The other day he sent me the link for the Phoenix SUV:

But it has a great personality!

It's all-electric. It has a 240-mile range. It's $40,000 and it's available next year.

And it's fug. I'm not supposed to care, but I do. I am a failure as an environmentalist. But at least I look good.

Can this marriage be saved?

Monday, December 04, 2006

Last One to the Beach is a Turkey!

Thanksgiving Day, 2006

Thanksgiving used to be one of my favorite holidays. When I was a kid, it meant 35 of us gathering at my grandmother's house for a huge turkey and all of the comfort-food trimmings. We would eat at the kids' table while the Ladies laughed and gossiped around the table and the male of the species watched the Lions on TV. We kids always watched the Macy's parade in the morning, including the year when someone pantsed Santa as he got off his sleigh. Good times.

When I moved to California, Thanksgiving became a celebration of friendship and food, where all of us who had family far, far away would band together and cook the best food we could and drink it with as much of the best wine as possible.

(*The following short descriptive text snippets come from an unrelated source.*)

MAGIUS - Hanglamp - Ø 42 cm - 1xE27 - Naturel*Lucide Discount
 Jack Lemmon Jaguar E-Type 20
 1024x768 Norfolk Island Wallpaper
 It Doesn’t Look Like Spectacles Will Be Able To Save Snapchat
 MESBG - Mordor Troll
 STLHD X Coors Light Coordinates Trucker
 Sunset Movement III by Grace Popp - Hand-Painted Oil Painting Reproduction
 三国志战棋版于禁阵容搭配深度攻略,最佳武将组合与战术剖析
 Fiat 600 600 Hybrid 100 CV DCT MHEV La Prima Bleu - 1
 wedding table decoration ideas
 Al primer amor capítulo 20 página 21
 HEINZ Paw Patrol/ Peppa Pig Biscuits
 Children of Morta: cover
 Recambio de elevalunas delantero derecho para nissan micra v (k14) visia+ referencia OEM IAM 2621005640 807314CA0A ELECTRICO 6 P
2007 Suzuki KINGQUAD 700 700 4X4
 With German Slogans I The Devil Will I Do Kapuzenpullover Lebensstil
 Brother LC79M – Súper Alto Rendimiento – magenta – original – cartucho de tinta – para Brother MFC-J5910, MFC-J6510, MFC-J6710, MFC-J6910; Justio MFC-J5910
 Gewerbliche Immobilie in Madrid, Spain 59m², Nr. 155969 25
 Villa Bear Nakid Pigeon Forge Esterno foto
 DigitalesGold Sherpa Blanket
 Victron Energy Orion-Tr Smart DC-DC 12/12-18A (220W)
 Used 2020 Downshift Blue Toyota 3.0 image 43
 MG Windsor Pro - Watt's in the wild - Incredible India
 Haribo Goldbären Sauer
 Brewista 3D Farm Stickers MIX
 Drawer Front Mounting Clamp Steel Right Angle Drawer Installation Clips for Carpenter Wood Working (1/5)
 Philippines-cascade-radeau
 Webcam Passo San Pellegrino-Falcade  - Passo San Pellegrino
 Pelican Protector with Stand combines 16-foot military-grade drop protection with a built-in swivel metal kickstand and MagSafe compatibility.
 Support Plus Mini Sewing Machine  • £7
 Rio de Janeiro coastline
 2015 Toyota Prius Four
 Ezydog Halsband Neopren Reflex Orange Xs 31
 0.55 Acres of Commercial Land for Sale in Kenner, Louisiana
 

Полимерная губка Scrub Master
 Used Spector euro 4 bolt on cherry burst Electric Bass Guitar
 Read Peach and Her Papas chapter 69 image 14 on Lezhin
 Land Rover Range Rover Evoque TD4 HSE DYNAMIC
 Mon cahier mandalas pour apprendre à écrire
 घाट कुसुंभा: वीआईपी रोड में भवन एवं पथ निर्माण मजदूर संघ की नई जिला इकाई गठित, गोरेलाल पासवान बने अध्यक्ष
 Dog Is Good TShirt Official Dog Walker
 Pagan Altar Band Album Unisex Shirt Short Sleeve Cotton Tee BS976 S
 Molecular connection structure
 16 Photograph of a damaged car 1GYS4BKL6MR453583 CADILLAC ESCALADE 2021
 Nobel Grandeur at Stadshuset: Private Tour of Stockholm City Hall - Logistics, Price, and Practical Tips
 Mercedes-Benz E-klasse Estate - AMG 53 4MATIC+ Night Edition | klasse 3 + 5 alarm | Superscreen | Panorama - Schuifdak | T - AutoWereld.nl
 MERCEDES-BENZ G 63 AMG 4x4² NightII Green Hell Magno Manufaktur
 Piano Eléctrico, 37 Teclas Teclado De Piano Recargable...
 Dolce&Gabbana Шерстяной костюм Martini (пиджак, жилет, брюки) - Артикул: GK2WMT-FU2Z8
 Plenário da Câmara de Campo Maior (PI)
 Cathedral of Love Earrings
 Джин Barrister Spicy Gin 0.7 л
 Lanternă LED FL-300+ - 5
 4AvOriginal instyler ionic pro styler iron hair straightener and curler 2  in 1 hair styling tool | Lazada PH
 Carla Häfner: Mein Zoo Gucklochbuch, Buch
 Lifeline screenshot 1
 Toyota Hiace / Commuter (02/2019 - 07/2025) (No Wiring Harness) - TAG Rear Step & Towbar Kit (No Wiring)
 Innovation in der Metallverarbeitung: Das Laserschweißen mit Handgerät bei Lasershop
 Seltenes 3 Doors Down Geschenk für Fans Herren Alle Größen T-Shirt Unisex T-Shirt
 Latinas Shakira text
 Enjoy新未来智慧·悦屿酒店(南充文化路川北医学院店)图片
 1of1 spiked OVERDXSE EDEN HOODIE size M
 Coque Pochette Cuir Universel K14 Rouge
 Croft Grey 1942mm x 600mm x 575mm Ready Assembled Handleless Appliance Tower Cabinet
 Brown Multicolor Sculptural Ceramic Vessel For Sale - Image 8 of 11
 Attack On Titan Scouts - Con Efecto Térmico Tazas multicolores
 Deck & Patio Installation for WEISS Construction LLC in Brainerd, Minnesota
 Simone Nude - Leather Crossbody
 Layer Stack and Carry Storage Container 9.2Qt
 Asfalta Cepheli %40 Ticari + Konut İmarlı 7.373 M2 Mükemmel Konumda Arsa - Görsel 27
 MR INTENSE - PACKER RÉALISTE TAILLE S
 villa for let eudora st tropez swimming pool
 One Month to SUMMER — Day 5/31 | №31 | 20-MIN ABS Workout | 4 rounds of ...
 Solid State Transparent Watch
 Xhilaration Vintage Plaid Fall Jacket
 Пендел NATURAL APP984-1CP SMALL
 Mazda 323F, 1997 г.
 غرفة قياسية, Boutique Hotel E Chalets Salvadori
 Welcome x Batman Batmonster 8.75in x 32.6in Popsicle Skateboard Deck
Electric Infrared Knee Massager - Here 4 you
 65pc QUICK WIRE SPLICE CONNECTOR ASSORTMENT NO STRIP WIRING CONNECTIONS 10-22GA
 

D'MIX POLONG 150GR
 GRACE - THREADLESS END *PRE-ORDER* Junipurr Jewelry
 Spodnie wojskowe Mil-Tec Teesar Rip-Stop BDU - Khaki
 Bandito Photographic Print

It helped alleviate the pangs I got when I thought of my family in Indiana and how I missed my Grandma's dressing and mashed potatoes.

Once we all got coupled and started popping out kids, something happened. Suddenly we all needed space and our kids needed somewhere decent to go to school, because we're selfish like that. Pretty much all of our friends left for greener pastures, free babysitting from family members, and better-funded public schools.

We miss them.

And Thanksgiving has become stressful. I love a party, but not a sad little turkey party for our family alone. My family no longer goes to Grandma's (Grandma being 95 and totally over the whole cooking for the world thing). But they don't come here, either. Add to that this year a particularly shitty fall and my sister heading down to my mom's in Florida (cue the world's tiniest violin playing, "My Family Hates Me") and I was not feeling the group turkey hug.

So this year, we dropped out. No cooking. No tradition. We went to the beach.

Moondoggie in Training

We packed up the kids and headed to San Diego, where we headed to Sea World, the Zoo, and on Turkey Day, to the beach for some first-class boogie-boarding. We rented G a wetsuit and he braved the waves for the first time, tentatively but with joy. Tea dug in the sand and tried unsuccessfully to drown herself. Our T-day feast was a turkey buffet at a beachside restaurant called World Famous. We're not sure what it's World Famous for, but Gianni will always have the chocolate fountain. We determined that Gianni's ideal dessert would probably be a chocolate fountain dipped in another chocolate fountain.

This fixes everything. Just ask Gianni.

Anyway, it was a blast. And maybe even a new tradition. Feel free to join us next year.